I always knew I wanted to make the video. Many applicants ignore it since it’s optional in most applications. However, to me it was an opportunity to lend a face and voice to my statement of purpose and display confidence.

Content is not just the king; it’s the whole kingdom. What differentiates your video from a hundred others is NOT the visual effects; it’s what you say. Please do NOT say in plain words that you are a hard-worker. Narrate a story that convinces the viewer that you are a hard-worker. I also made use of props—Roti (flatbread) and Rubik’s Cube—because I was sure very few would do it. Do things that other people don’t usually think of doing. There is a moment mid-way in my video, where I turn to look at my degree hung on the wall and the camera moves with me. The point is: the camera is your friend. Instead of making the camera sit there passively, try innovative things and showcase your creativity.

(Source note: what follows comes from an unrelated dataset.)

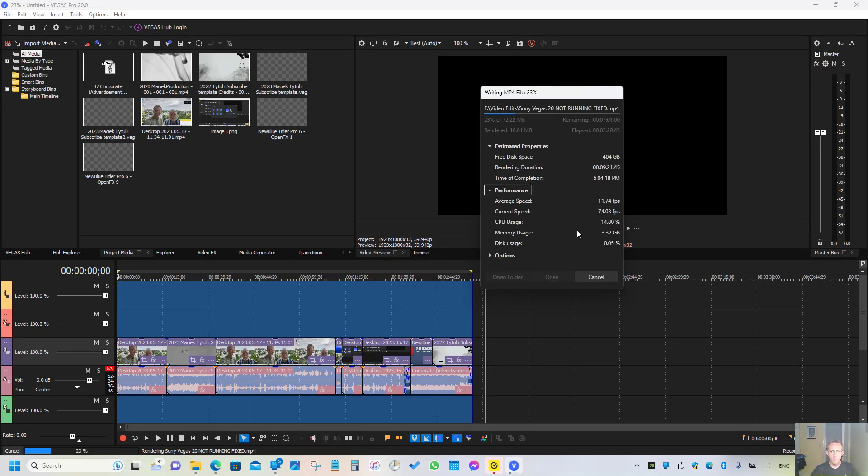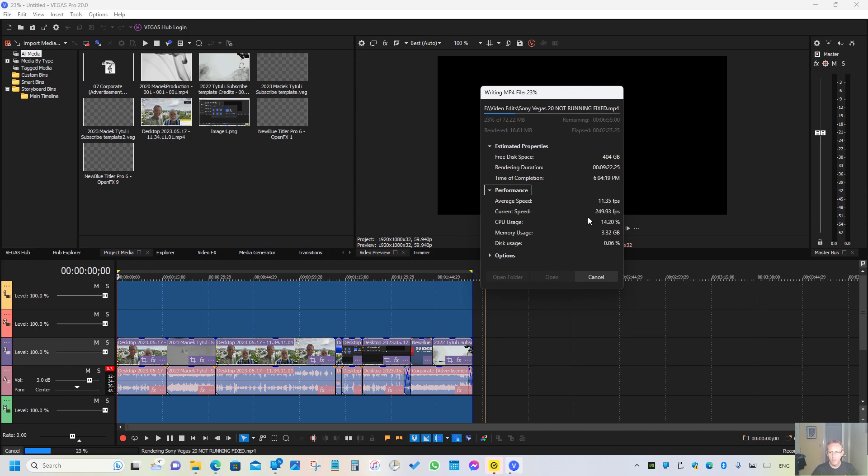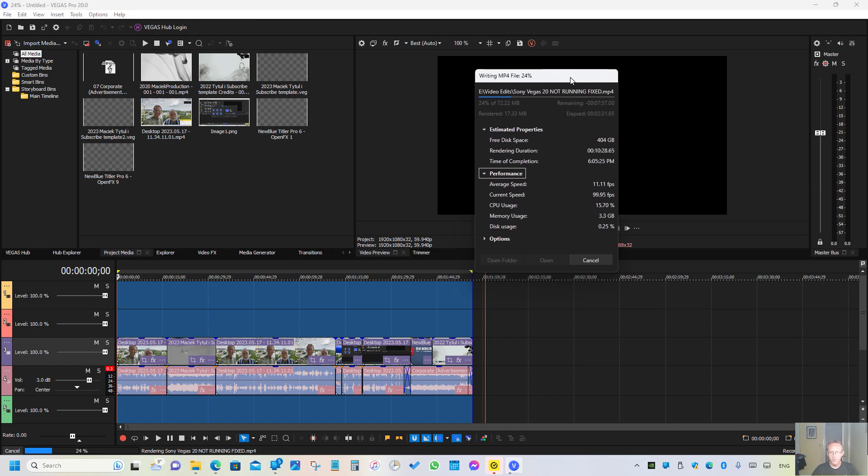I'm having a lot of issues with Sony Vegas 20. As you can see right now, I have a very short clip, not even two minutes, and when I started processing it in HEVC, normally processing and saving the file would take about a minute.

“If a picture is worth a thousand words, what’s a video worth?”

A video is worth an admit.

—Aniruddh Menon, Dartmouth College

I had written several SOPs for the various universities that I had applied for in the U.S. and in Europe. None required a more unconventional and out-of-the-box thinking approach than the Diversity Essay and the Personal Statement Essay that I wrote for Purdue University and Michigan Ann Arbor, respectively. Initially, I thought that these essays would require little effort in comparison to the SOP that I had drafted so many times earlier. However, in order to stand out from the plethora of other applicants, I quickly realized that I need to put in a lot more effort.

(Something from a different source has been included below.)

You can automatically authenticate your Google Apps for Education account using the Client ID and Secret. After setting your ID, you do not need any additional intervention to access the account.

Armed with the powerful tool of introspection, I carefully handpicked the encounters that I had with less privileged people in my college days and blended them with my own set of childhood experiences with people from different cultures. After writing and re-writing it a few times, I got help from a few of my seniors who proof-read it to ensure the message was coming across well. Was it a perfect recipe for success? Not quite, but it instilled in me a work ethic powerful enough to provide an impetus for my career over the next few years.

—Ravi Ramesh, TU Delft

Final Thoughts on Going Above and Beyond

Once you begin looking for jobs in the new country, you will realize that a lot of the things you learn for the interview won’t be of use in your day-to-day life on the job. Yet, it’s important to still learn them because they make you think and be prepared. Your application process to get admitted follows a similar analogy. Every component of your application says something about you. The optional components, asking you to make a video or write an essay on diversity, show that you’re someone who goes above and beyond. You’re someone who goes that extra mile. We hope you do.

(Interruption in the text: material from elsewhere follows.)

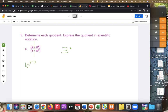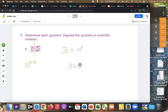8 minus 3 is 5, so the answer is 3 times 10 to the 5. Or 3 with 5 zeros after it: 1, 2, 3, 4, 5 — 300,000.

A video is a condensed version of your story. You only get about five minutes to say it, so choose one of the three approaches that we mentioned in the chapter. Connecting the dots approach is best if you can see a common thread between disparate events from your past. Big idea approach is best if you grew up with a strong conviction of what you wanted to do. Linear line approach is best if your career has so far had a vertical path, with every experience leading seamlessly to the next one. While shooting it, think of ways you can infuse your creativity or skill. Sai used props; can you do something similar? Can you shoot in a unique location? All these will grab real estate in the minds of the admissions committee and make you memorable.

Most universities only ask you to write a statement of purpose. But, if yours wants you to also go the extra mile and write an essay on diversity (or another topic), that’s great! It gives you one more opportunity to ponder interesting questions. Diversity and inclusion has become a very hot topic right now, and for good reason. You will realize how powerful it is as soon as you sit through a lecture where you hear opinions from students coming from different countries. We gave you a four-part framework you can follow to write this essay: begin with your encounter with those who were underrepresented or underprivileged, mention what you did to help them, talk about the impact you created (don’t be modest here!), and finally end it with your plans for the future.